Goldman Sachs economists say the U.S. is still on track to avoid a recession
Goldman Sachs Group Inc. economists say the US economy is still on a narrow path to a soft landing as improving inflation figures and other factors suggest the Federal Reserve may be able to pull off its aggressive interest rate hike plan without tipping the country into recession.
Economists led by Jan Hatzius said that while there’s some signs of softening in the labor market, sequential core inflation appears to be slowing as pressures on the supply chain improve.
The better inflation numbers, along with some adjustments to the jobs market, have reduced the risk that the Federal Reserve will have to tighten monetary policy to a degree that will force a recession in the coming years, they added.
While the “deterioration” in indicators like the first quarter’s gross domestic product contraction “suggests that near-term recession risk has increased in a mechanical sense,” the economists wrote Sunday, other activity measures “imply that output is still expanding.”
A strong jobs market and a continued cash surplus on household balance sheets has staved off the prospect of a contraction in the immediate future, many economists have argued.

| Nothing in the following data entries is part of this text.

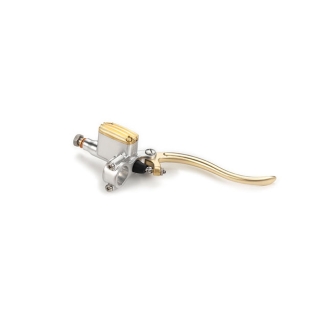 Kustom Tech Deluxe Line Brake Master Cylinder With 14mm Bore In Satin Aluminium & Brass Finish (20-303)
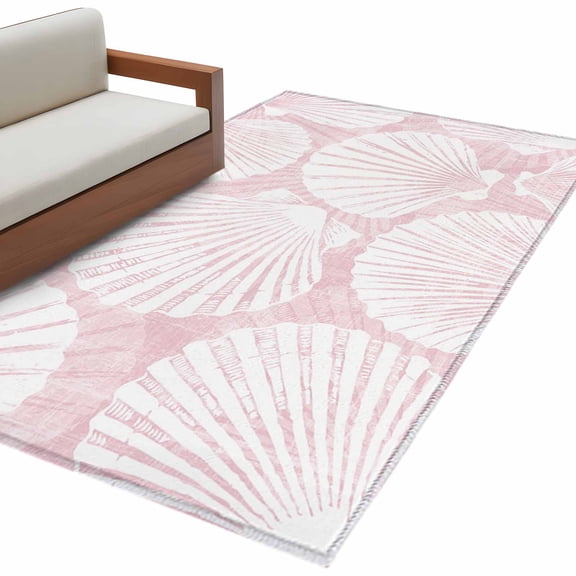 Pink Scallop Coastal Area Rug Washable 3x5 Entryway Rug Non-Slip Indoor Low Pile Summer Beach Nautical Floor Carpet Small Rugs for Bedroom Office Living Room Kitchen Entrance Nursery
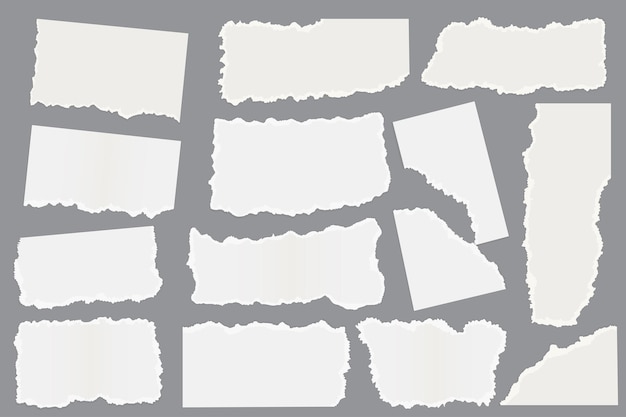 Torn paper set graphic elements in flat design Bundle of different shapes of white ripped paper scraps with empty spaces page pieces with torn ripped edges Vector illustration isolated objects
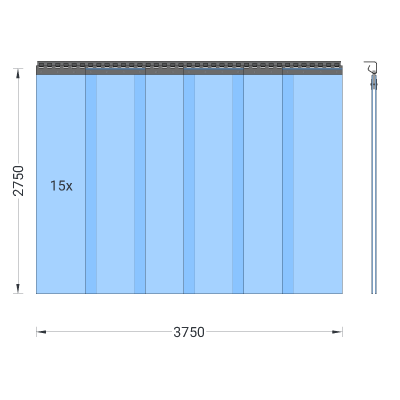 PVC-Streifenvorhang, Lamellen 300 x 3 mm transparent, Höhe 2,75 m, Breite 3,75 m (3,10 m), Edelstahl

Still, all eyes are on the pace of the Fed’s interest-rate hikes, and whether the central bank can strike a balance that helps the economy avoid recession.
The Goldman economists said they were not changing their current forecast for a 3-3.25% terminal funds rate, and have said they see hikes of 50 basis points likely in the Fed’s next two meetings. Further off, they said September is a close call between increases by 25 basis points and 50 basis points.
“In terms of near-term communication, there is little incentive for Fed officials to deviate from their relatively hawkish framing of the last few months,” they wrote.